Nevertheless, the glow of Christian victory and of joyous enthusiasm was on an ever-increasing number of men and women... (36-7)

Williams' chapter on early Quaker doctrine carefully avoids anything that might seem controversial to other Christians, and later he doesn't care to report on the affairs of the Hicksites after the schism:

In the succeeding pages we shall give but slight attention to the Hicksite group. It has generally failed to be self-propagating, and consequently has rather steadily dwindled in numbers. However, one would not overlook nor minimize the contribution which some of its members have made to numerous humanitarian and reform movements. (170)

In that spirit he mentions Lucretia and James Mott, and Isaac Hopper, and Swarthmore College's existence, but doesn't mention, for example, Friends General Conference at all. (Well, there's a population table in the back which notes that FGC includes about 26,000 Quakers in 1961.)

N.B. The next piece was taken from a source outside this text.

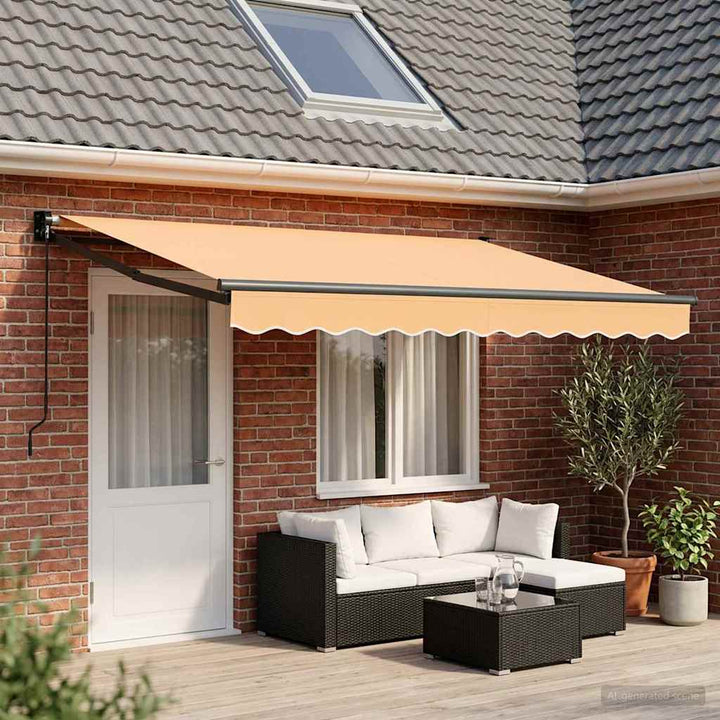 Utdragbar Markis Sand 5 X 3 M 100% Polyester Och Aluminium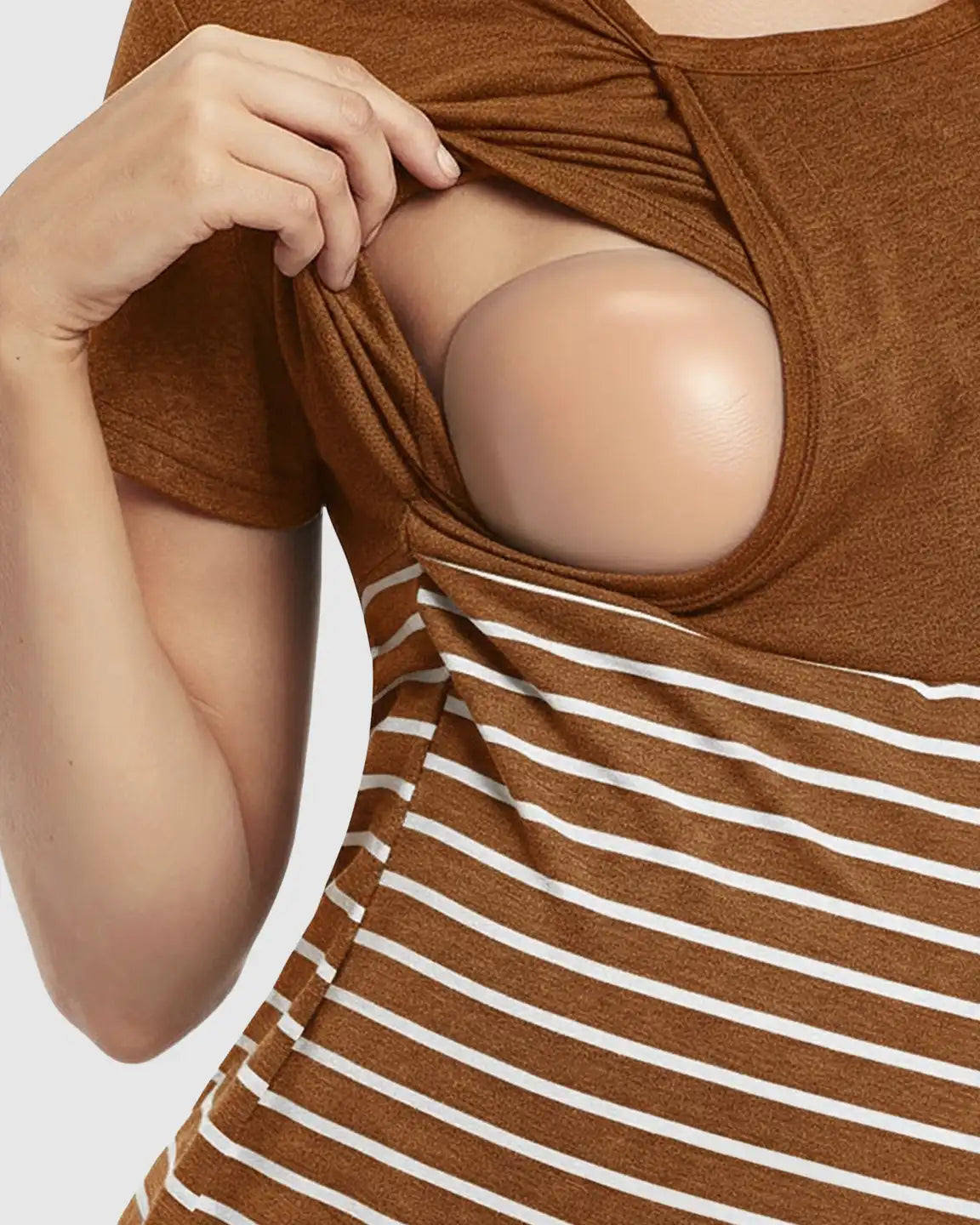 Lift-Up Access Striped Nursing & Maternity Top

Probably the best way to explain Williams' perspective is to let him speak for himself, in a piece at the end of "Dominant Trends Among Twentieth-Century Quakers" that seems to sum up his hopes for present Friends (and I think what he wished older Friends had consistently done.) The same conversations are certainly continuing today, and often include a voice like this:

The time is ripe for Friends to awake, repent, and seek to serve God humbly, and their generation worthily. This duty attaches to us all. God waits to work, and he employs human helpers who are fully yielded to Him.

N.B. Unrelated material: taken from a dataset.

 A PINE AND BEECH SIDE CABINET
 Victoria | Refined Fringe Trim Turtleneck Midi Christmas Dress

In the opening address given to the 1960 session of the Five Years Meeting, Seth B. Hinshaw sounded a heartening call to that organization - one which ought to be heard and heeded by all Friends. The following excerpt, taken from the official Minutes of that body, indicates its nature:

We have come to a cross-roads of destiny, an hour of decision, and the hour of our visitation. God has brought us together to see whether our generation will rise up and fulfill our mission... We need more than fine challenges; we need total commitment and spiritual dedication to the work that is before us... The gospel we preach must be whole, and not fragmented.

It is encouraging to note that the spirit of this address, delivered by the Executive Secretary of North Carolina Yearly Meeting, is signally reflected in the Message sent forth by the Five Years Meeting. This Message reads, in part, as follows:

We reaffirm that to be a Quaker is to be a Christian... We acknowledge Jesus Christ as the Son of God, who is our Saviour and Lord, and honor Him as the great Head of the Church which He has established in the world. Through the Holy Spirit he guides its ministries, bestows gifts for its work, convinces the unbelieving, baptizes the believers, and is in communication with His people, feeding them upon the bread of life...

This experience [the transforming power of Christ within] binds us into a warmly evangelical fellowship, under the compulsion to proclaim that there is One, even Christ Jesus, who does speak to the condition of every man and time... We are constrained by the love of God to call upon every meeting to examine its message and mission, and join in a spiritual awakening which will bring the entire Friends Movement into new areas of evangelism, Christian education, missions, stewardship, and social concerns.

Would God that Friends of America and of the whole world would rise to the challenge set forth above. We may be sure that such dedication comes at a high price; but our generation desperately needs the ministry which only such servants of God can render.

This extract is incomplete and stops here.